Canada’s loss is Sweden’s gain, with Canada shedding 4.7 percentage points of U.S. softwood lumber import share in January 2026 as Sweden added 6.2 and Finland a further 0.2 year on year. That is according to Lesprom Analytics, which shows total U.S. softwood imports fell 609,000 cubic metres compared with January 2025 — a decline driven almost entirely by lower Canadian volumes.
The move follows Washington’s August 2025 decision to set final combined countervailing and antidumping duty rates on Canadian lumber at between 26.47 per cent and 47.65 per cent, with most exporters assigned a combined rate of 35.19 per cent. It comes as Wood Central reported that Canadian lumber imports fell 28 per cent year on year in January, with just 1,569.3 thousand cubic metres crossing the border — the weakest January result in years.

Sweden’s advance builds on a full-year 2025 trend, with its SPF-grade trade into the U.S. growing 21 per cent to 1.11 million cubic metres. As it stands, Canada still accounts for the overwhelming majority of U.S. softwood imports — though at 24.62 million cubic metres in 2025, its volumes are down 12 per cent year on year and more than 47 per cent below the 2005 peak, as Wood Central reported when total U.S. softwood imports crashed to a 20-year low.

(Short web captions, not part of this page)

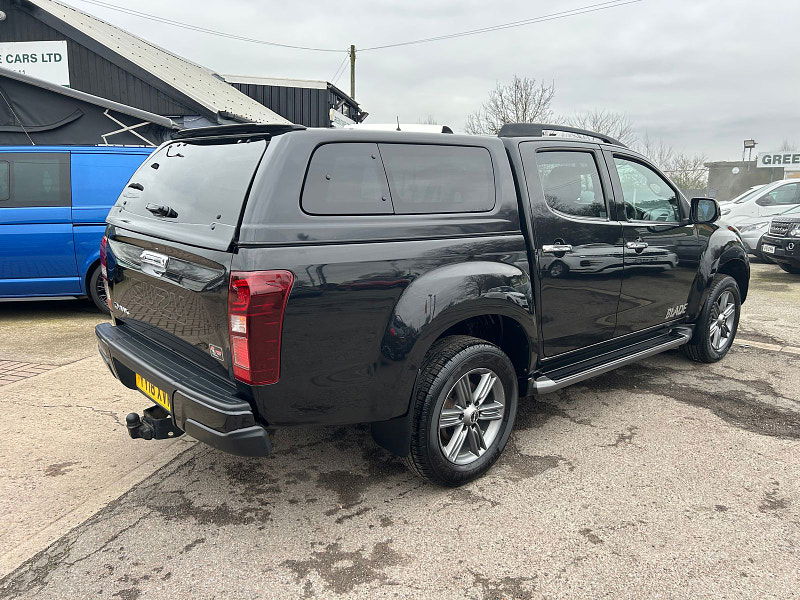 Isuzu D-Max 1.9 TD Blade Pickup Double Cab 4dr Diesel Manual 4WD Euro 6 (164 ps) 4dr Manual 2025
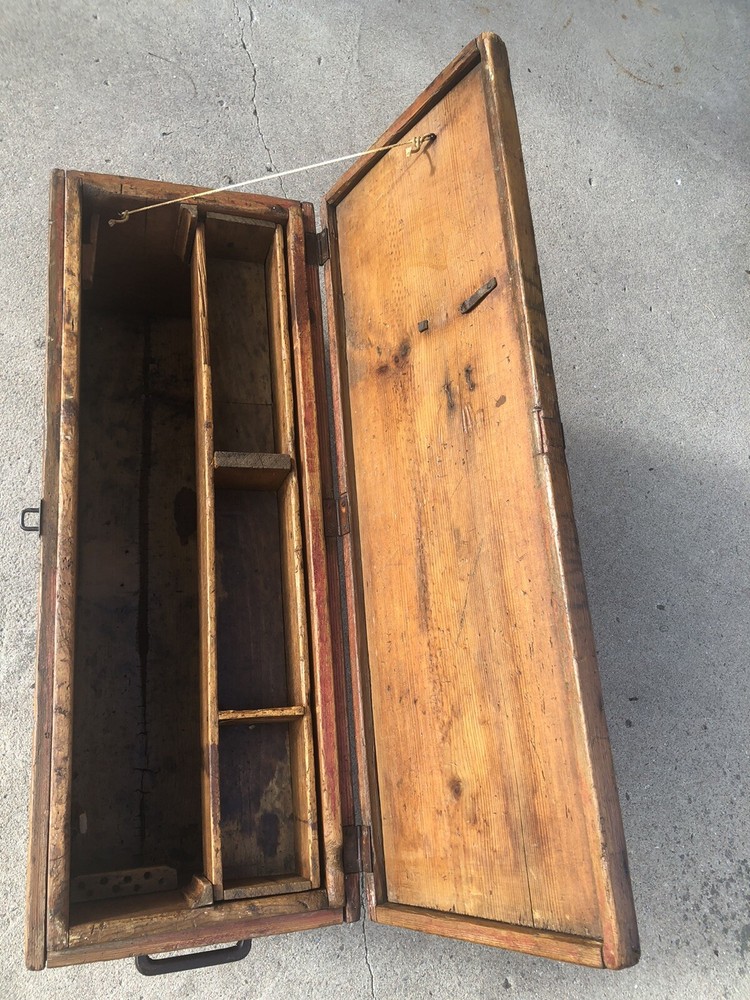 Antique 1860-1890 Rustic/Primitive Norwegian Distressed Pine Trunk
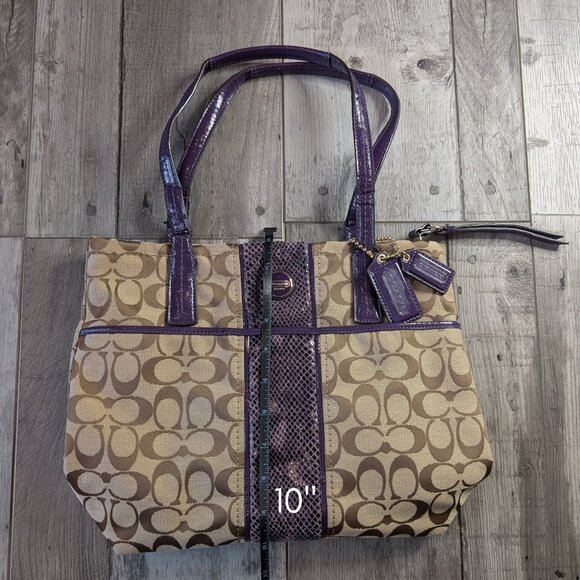 LOW START Coach, Signature Khaki & Purple Python Patent Leather Shoulder Bag - Picture 12 of 14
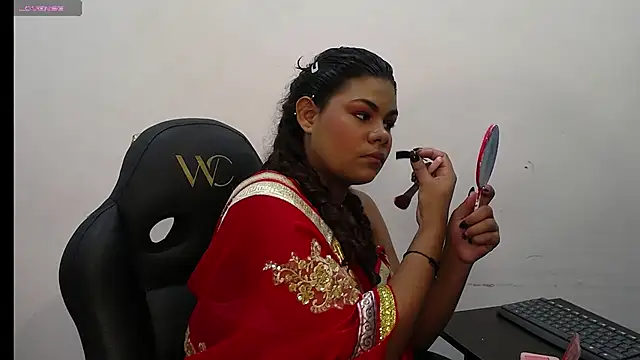 yaazhinii online show from March 5, 2026, 11:50 am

Sweden’s gains come as the country’s sawmilling sector faces at least SEK 2 billion in additional operating costs in 2026 — driven by EU Emissions Trading System reforms and a rail freight charge that has risen more than 600 per cent since 2010, as Wood Central reported in January. “This requires flexibility, rapid adaptability and a continued strong presence in several markets,” Olle Berg, Executive Vice President of market and business development at Setra Group, told a Timber Exchange webinar last week, speaking about Sweden’s export strategy amid mounting global shipping pressures.